Enjoying life in a foreign country while working for an employer in the UK is an attractive prospect for many professionals. You can get the best of both worlds, but some key factors are often overlooked. What are these and why should you consider them?
Tax can be complicated if you live in one country and work in another. You and your employer need to be aware of the legalities and regulations to ensure you aren’t breaking any rules. It’s quite easy to do this without realising.
The country in which you register for tax residency is important and usually depends on how long you are staying. For short stays of less than 6 months, you can usually just continue paying UK tax only. For longer stays and permanent residency, you may be liable to pay taxes in the country you are living.
Seek guidance from specialists if you or your employer are unsure of any legalities.
Understanding cultural differences is important if you are to integrate into a different society. These can be anything from working patterns to social etiquette.
For example, some regions in Spain close shops and businesses after lunch for a siesta. This is a short rest or nap that helps workers to avoid the hottest parts of the day and recharge for the afternoon. It can take a while to get used to this way of living, but you’ll soon see the benefits as you get into the swing of things.
Visas and Work Permits
Processes pertaining to visas and work permits can differ from country to country. Many places will require you to declare if you intend on working during your stay, whether this is in local employment or as a digital nomad.

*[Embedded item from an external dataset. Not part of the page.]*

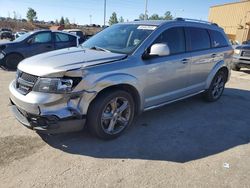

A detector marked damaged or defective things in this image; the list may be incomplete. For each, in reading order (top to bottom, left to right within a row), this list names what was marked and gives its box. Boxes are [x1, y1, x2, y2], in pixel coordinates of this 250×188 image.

cracked headlight [33, 77, 73, 93]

This can change the needs of your right-to-work application, so get to grips with the regulations wherever you are staying. Many nations now offer a digital nomad visa which is dedicated to people working abroad.
Health and Safety
You never know when you might require healthcare or emergency treatment, and staying abroad for long periods can make this more complicated. It’s better to be prepared with travel or health insurance because overseas medical fees can be significant.
Do research on the healthcare system in the country you are going to and identify what the process is if you get into an accident. There may be legal implications if you’re injured or you hurt someone else so it’s best to be aware of these things before you set out.
Depending on whether you’re travelling abroad alone or with friends and family, having a support group around you is important should anything go wrong. Keep in contact with loved ones at home and get to know people in the country you are staying. Making connections can also help to make your experience much more authentic and they can provide support or guidance if you need help at any point.
Working from abroad is a very appealing opportunity, but there are many factors you must consider to make it work. Do your research and preparation, and keep your employer in the loop to avoid any complications.